What you have to do => From the first line down to the one containing "Lions WR D.J.", reproduce the entries below exactly and leave out the pictures.

Image-text web data:
[Start of section]
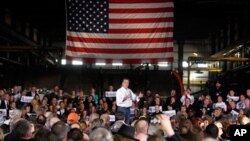 Republican presidential candidate, former Massachusetts Gov. Mitt Romney, speaks at a campaign rally in Colorado Springs, Colorado, February 4, 2012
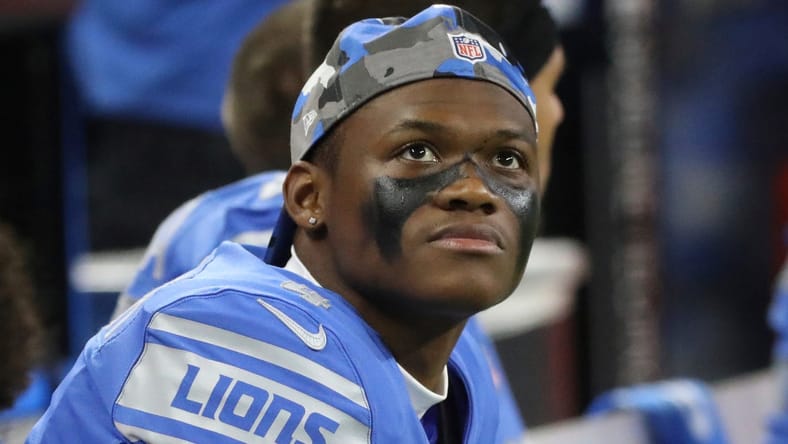 Lions WR D.J. Chark seated on bench vs Falcons.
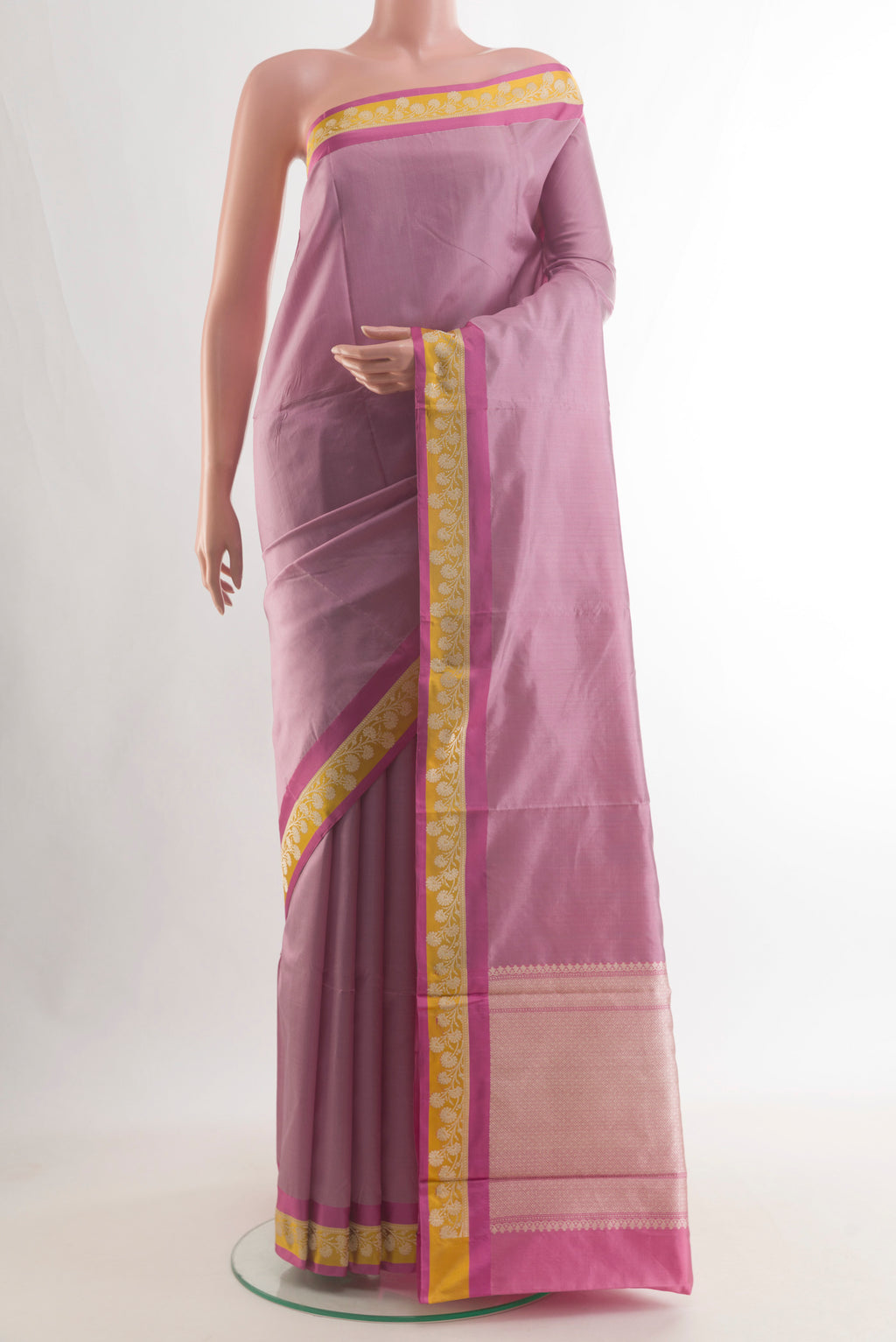 Pure Silk Rose Gold Banarasi Katan Saree with Plain Body and Thread Border.  displayed on a mannequin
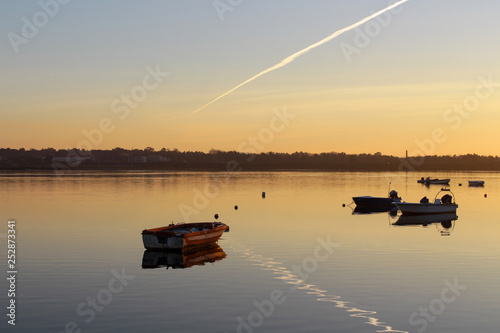 Small boats in the river with sunset colors. Reflection in the water © Sergiodesilva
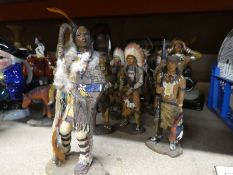 A selection of Native American Resin figures.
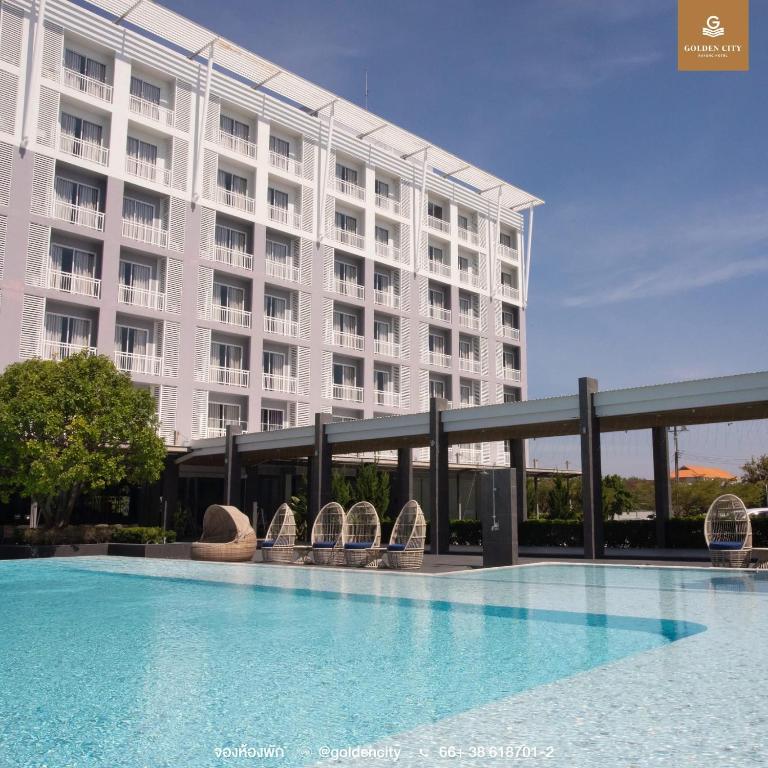 a hotel with a swimming pool in front of a building at Golden City Rayong Hotel in Rayong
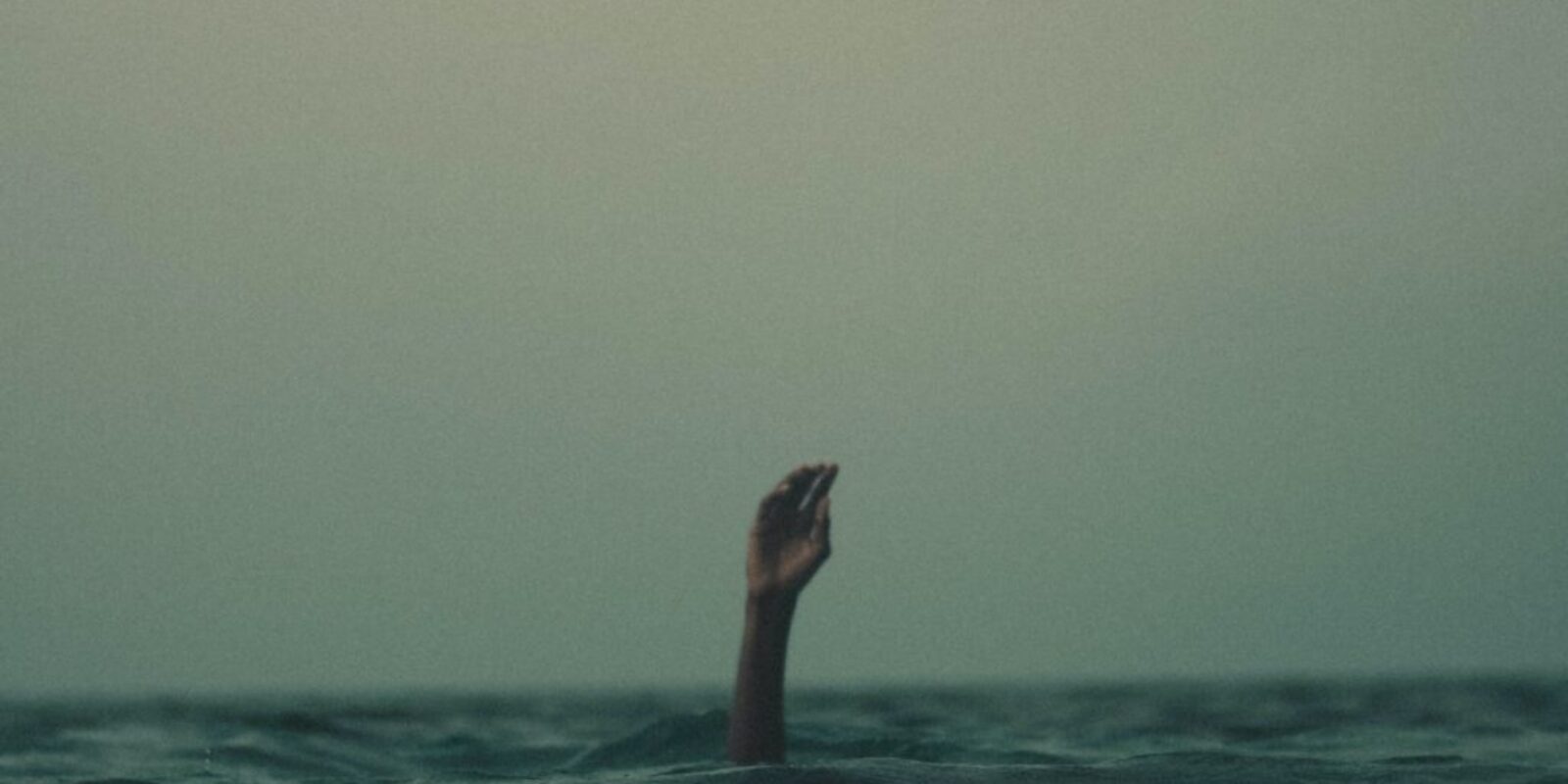 person with hand above water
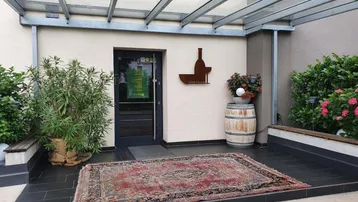 Eingangsbereich eines Gebäudes mit Glasüberdachung, dunklen Fliesen und einem dekorativen Teppich vor der Tür.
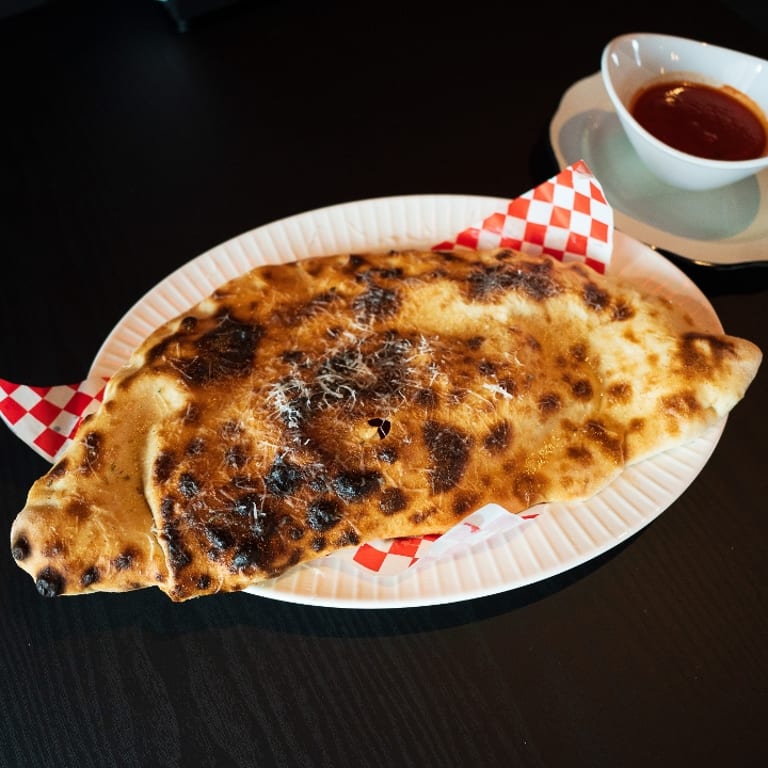 Savor Our Calzone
[End of section]
Task result =>
 Republican presidential candidate, former Massachusetts Gov. Mitt Romney, speaks at a campaign rally in Colorado Springs, Colorado, February 4, 2012
 Lions WR D.J. Chark seated on bench vs Falcons.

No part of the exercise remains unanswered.